BBC1 sitcoms are too focused on “middle class suburbia”, the corporation’s annual report said today.
The BBC is famous for sitcoms which document middle-class life, like Keeping up Appearances, Fawlty Towers, My Family, and suburban comedy The Good Life.
But the corporation’s annual report, published today, has called for more BBC1 sitcoms to paint a picture of life for other groups.
Governors at the BBC – whose recent comedy hits include The Office and Little Britain – also said BBC1 sitcoms compared poorly with US exports.
The report said: “Another important genre prioritised for additional investment is British comedy.
“It is extremely risky, expensive to produce and unpredictable in its results.
“When the BBC gets comedy right, the rewards in terms of audience appreciation are high.”
But the report added: “This is well illustrated by Little Britain, the most successful programme to transfer from BBC3 to BBC1.
“However, our review found some evidence of a legacy of dissatisfaction with BBC1 sitcoms seen as ‘too focused on middle class suburbia’ and which compared poorly with sophisticated US imports.
“There is ground to be made up here, but we are encouraged by the quality of the new BBC comedy starting to come on screen.
BBC Chairman Michael Grade joked at today’s press conference that there would not be sitcoms without middle class suburbia.
He said: “It’s inevitably a part of what writers want to write about.
“Alan Ayckbourn (the playwright) has made a pretty good living out of it over the last 30 years.
“Television is no different.

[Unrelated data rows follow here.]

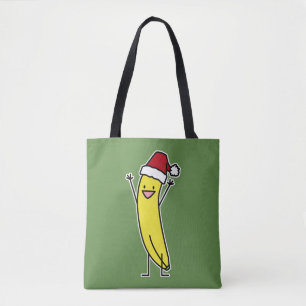 Bananen-Weihnachtsmannmütze-zujubelnder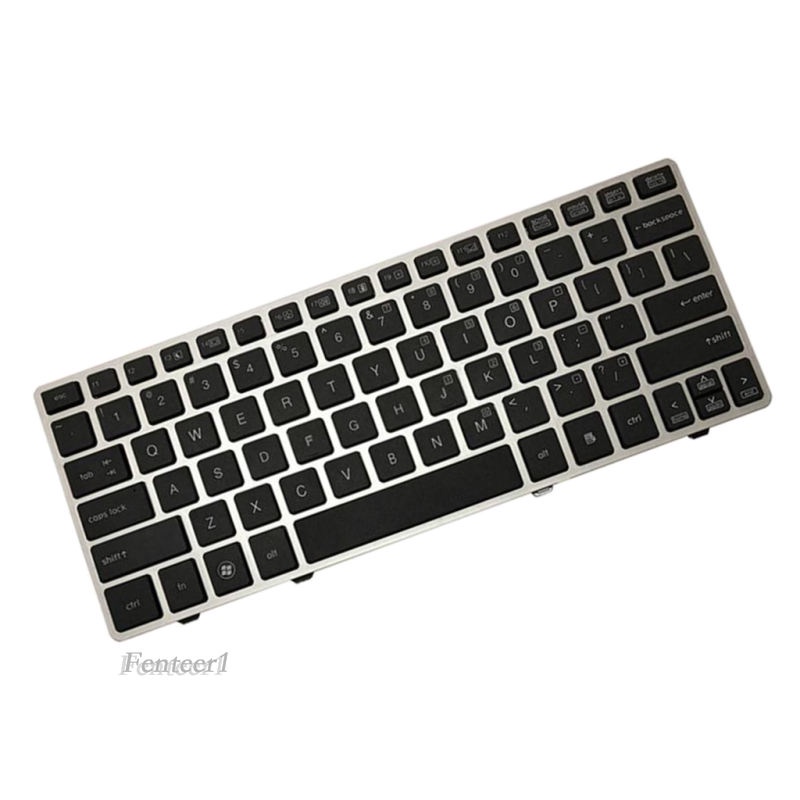 Khung Bạc Bảo Vệ Phím Tiếng Anh US Cho Laptop HP Elitebook 2560 2560p 2570P Fenteer1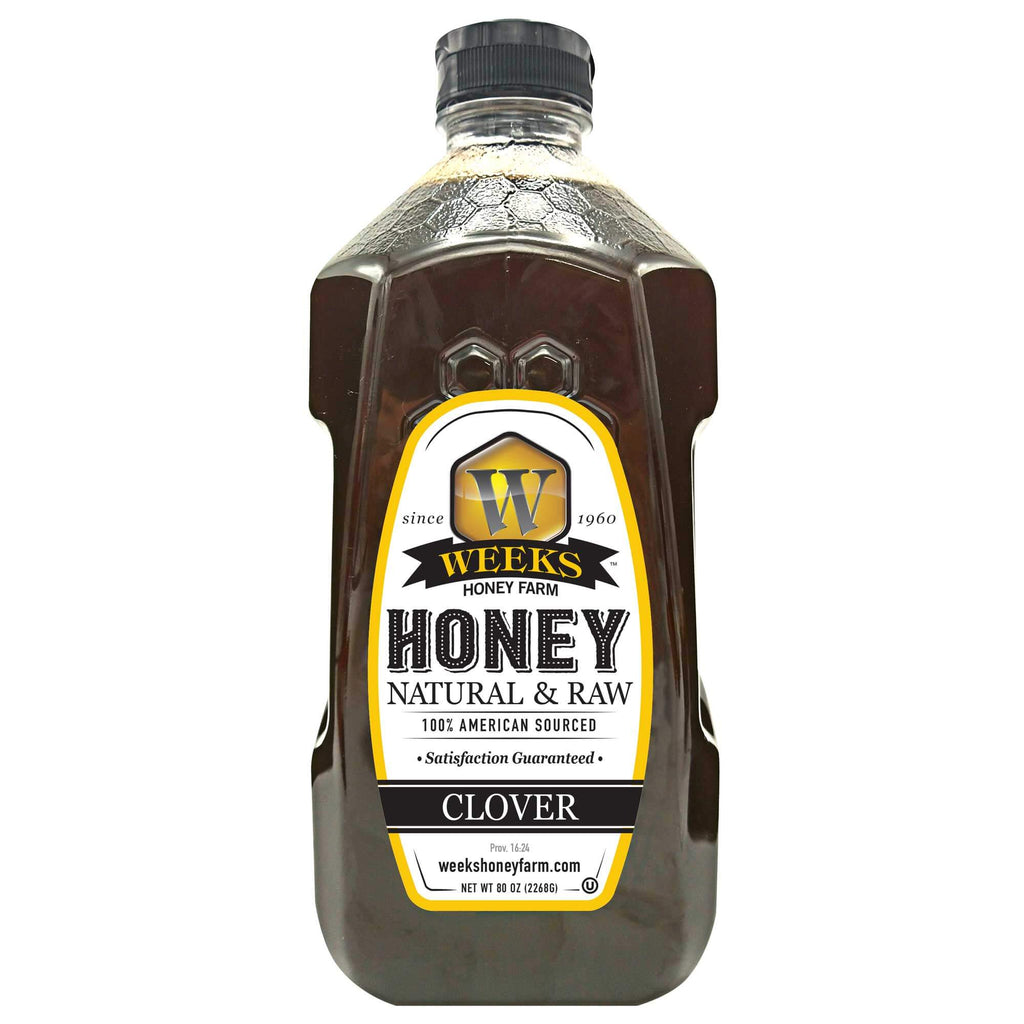 All-Natural Pure Raw Clover Honey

The question is... there is a sense in which if you go on presenting the safe white, middle-class suburbia as a subject in the context of sitcoms, are you missing out other innovative, more exciting areas?
“But that’s not to say that there isn’t rich pickings in middle class, white surbubia,” he added.
BBC Director General Mark Thompson said although the middle class were “one of its targets” in Little Britain, it was “not Terry and June” (the middle-class sitcom which starred Terry Scott and June Whitfield.
BBC governors were encouraged by the new breed of comedies on BBC3, Mr Thompson added.
Last year governors pointed to the failure of The Crouches in their annual report, BBC1’s first black family sitcom.
The Crouches was panned by critics and New Nation editor Michael Ebbed said it was “about as funny as being cracked“.